I have been playing around with some figures over Easter (Yes I know that’s pretty sad!). If a person started on a salary of £20,000 40 years ago and his salary increased by say 5% pa. throughout the period he would today be earning £140,780 pa. A two-thirds pension would therefore be £93,853. At the current time a fund of £1,317,000 would be needed to produce a pension of £93,853pa. Throughout his 40 year working life the person would have earned a total of £2,439,000. If the pension fund had also increased in value by 5% pa, contributions equal to 54% of the employee’s salary would have been needed to produce the £1.317million. If it had increased in value by 8% pa. the contributions would have had to be 26% of the person’s salary.

In current conditions it is not easy to generate an investment return of 5% pa let alone 8%. Furthermore, I doubt that many employers put 26% of employees’ salaries into a pension scheme. My impression is that most contributions are in a range of 8% - 15%. Accordingly, absence inflation, the final-salary arithmetic simply does not add up.

Of course some of these assumptions are unrealistic. I doubt that many people started at a £20,000 salary 40 years ago. My salary as a Chartered Accountant in 1965 (42 years ago) when I qualified was only £1,350 per annum. Over a 40-year period, salaries do not increase evenly. They generally spurt for a time and then level off. However what this means is that the pension contributions in early years would be below average, but they are the important contributions which have generated the greatest amount of growth as they have been invested the longest.
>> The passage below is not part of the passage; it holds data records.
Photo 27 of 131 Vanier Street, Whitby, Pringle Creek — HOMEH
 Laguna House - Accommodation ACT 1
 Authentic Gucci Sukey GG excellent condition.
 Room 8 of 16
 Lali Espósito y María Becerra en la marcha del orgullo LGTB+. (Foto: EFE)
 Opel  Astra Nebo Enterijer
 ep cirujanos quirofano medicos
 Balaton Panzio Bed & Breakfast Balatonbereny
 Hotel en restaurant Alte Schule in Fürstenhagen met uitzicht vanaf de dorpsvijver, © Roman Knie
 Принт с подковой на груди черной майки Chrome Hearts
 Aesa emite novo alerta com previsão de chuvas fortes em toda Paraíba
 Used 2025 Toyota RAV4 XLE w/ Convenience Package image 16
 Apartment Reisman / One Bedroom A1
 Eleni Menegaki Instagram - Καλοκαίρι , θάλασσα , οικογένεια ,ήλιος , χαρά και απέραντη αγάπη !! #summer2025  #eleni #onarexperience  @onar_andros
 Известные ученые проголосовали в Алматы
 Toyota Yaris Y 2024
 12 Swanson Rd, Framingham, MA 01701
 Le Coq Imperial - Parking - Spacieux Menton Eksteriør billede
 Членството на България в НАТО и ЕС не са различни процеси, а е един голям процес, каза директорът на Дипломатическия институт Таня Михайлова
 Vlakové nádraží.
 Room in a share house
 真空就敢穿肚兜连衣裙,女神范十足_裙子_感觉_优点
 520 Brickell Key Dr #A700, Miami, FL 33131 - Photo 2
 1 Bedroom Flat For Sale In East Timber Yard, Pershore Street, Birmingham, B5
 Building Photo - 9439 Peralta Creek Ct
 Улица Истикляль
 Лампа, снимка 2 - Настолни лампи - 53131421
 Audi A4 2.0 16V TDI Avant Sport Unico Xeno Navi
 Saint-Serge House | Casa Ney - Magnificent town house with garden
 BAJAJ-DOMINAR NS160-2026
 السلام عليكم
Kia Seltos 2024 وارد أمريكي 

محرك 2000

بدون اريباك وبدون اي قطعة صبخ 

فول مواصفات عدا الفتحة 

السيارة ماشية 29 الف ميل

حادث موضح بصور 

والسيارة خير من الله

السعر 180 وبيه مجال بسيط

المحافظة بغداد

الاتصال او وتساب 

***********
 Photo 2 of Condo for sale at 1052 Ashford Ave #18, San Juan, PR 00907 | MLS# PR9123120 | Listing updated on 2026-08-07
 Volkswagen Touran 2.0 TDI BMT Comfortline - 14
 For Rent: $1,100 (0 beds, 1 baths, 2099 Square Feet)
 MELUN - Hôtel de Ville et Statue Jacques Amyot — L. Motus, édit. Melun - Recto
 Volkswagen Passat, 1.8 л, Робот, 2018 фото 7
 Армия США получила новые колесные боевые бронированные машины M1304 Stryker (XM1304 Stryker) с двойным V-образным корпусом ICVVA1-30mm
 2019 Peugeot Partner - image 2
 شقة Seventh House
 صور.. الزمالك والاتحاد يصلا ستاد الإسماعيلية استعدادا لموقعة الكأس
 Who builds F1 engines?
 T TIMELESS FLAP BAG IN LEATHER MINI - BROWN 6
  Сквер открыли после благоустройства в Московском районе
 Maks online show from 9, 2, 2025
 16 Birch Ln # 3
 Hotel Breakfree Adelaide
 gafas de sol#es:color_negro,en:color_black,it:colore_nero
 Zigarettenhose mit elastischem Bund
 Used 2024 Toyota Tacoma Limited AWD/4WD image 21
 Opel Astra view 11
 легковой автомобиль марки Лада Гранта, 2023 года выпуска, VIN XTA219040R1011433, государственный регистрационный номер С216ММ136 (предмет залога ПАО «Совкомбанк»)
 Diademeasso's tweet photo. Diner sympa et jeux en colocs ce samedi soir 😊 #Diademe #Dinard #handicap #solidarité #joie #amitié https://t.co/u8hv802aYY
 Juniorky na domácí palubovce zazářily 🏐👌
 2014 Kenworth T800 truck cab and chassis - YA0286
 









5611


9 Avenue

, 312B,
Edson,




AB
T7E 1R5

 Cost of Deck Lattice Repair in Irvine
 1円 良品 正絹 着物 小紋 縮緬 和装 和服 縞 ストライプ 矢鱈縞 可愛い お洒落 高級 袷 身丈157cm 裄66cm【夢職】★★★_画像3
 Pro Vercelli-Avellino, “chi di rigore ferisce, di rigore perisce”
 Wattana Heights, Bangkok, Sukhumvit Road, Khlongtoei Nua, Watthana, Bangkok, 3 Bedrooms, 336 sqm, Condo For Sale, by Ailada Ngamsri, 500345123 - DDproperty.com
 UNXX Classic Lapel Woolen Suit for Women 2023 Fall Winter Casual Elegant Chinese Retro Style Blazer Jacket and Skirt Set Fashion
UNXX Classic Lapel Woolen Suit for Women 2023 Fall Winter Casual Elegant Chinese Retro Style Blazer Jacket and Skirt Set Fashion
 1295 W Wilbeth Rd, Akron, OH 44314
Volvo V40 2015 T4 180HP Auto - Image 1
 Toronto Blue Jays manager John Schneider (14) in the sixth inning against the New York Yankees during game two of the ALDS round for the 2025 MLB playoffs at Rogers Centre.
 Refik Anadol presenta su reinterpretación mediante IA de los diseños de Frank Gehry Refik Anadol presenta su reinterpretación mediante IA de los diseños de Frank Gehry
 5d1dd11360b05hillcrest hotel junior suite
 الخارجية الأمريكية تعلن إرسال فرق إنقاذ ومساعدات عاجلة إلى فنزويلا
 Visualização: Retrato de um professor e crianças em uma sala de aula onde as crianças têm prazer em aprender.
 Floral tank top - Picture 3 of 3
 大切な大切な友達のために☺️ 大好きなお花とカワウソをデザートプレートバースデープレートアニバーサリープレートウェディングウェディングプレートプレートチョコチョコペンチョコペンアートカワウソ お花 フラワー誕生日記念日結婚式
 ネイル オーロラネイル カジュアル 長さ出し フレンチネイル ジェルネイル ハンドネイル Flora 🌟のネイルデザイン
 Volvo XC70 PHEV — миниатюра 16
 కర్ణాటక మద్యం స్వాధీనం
Growth rates are not wholly dictated by inflation; they largely depend on growth in equity values, which depend on other factors, such as the popularity of a company’s product, its ability to innovate, its ability to find new markets, supply and demand, etc. Inflation can mask the problems of pedestrian businesses. But final-salary pension schemes are by definition large schemes, which often means that many innovative and high growth stock exchange investments are not available to them, as these are small companies whereas a pension fund needs to invest its money in large chunks.

So why haven’t such pension schemes gone broke earlier? An obvious reason is high stock market growth in the heady 1970’s and 1980’s. But perhaps another reason is that such funds have only started to pay out significant pensions in recent years and that their financial strength was based on assumptions that have proved not to be justified. Another reason is that many such funds penalised early leavers until the government forced transferability of pensions, so that the bulk of the benefit from contributions by such people boosted the growth of the funds for other employees. But a combination of high job mobility and statutory pension fund transferability not only means that such subsidy will not continue but also that the funds needed by the new employer to produce a two-thirds pension in less than 40 years (as many schemes offer) for a person who transfers into the scheme will be correspondingly higher.

Whatever the reason the quickening of the pace of closure of final-salary schemes to new employees seems inevitable. Indeed, the large number of prospective take-overs that are aborted because of the size of the target company’s pension fund deficit, suggests that the sooner all such pension schemes are closed the better it will be for the financial health of Great Britain plc.